Let’s say you are building a web application and you are leveraging a microservice architecture (e.g. your app calls an external OAuth service to serve authorization calls for the user to login to your app).

  1. If a user reports a production issue, you can easily go into your application logs and find out if the request was even made to OAuth service. This is especially useful if you do not own the other service because it is not practical for you to reach out to the service provider to ask if the request reached their server. Even if you do own the other service, you still have to complete an extra step of going into the other system and searching through the logs, and often times there are so many requests you can’t even easily tell which one came from your application.
  2. If you are reproducing issues on production or development (especially in automated tests), you can easily retry the request because you have the exact URL that is called. This is a significant quality of life improvement for you as the developer. What I find is that you are pretty always calling the API not as a hardcoded string but something like this: Config::get($_ENV['HOST_NAME']) . '/' . Config::get($_ENV['API_VERSION']) . '?term=' . $this->searchTerm, which is a huge nuisance if the call fails because you do not have the URL handy. In this example alone, there are so many different reasons the API call fail just from the improper construction of the URL, (e.g. there’s a bug in the config class, HOST_NAME is not set properly, API VERSION is not set properly, term is not set properly, and the list goes on).

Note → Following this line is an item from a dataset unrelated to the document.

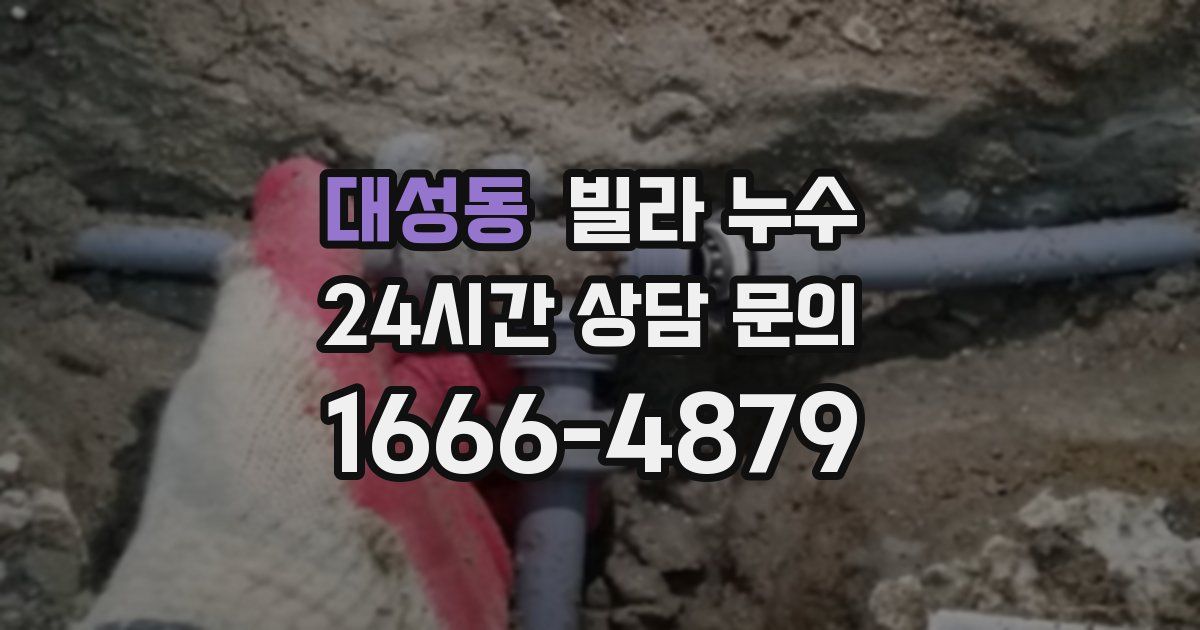 대성동 빌라 누수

  3. If you need to answer questions from a security audit, you can easily tell from the application logs what calls were made to the external service.
  4. If you are actively developing the application and there is a caching feature, logging the API calls makes it easier to tell if you are using a cached response or fresh response from the external service.

So there! I hope that performing this quick and easy step of logging your API calls can save you a lot of headaches and debugging time down the road.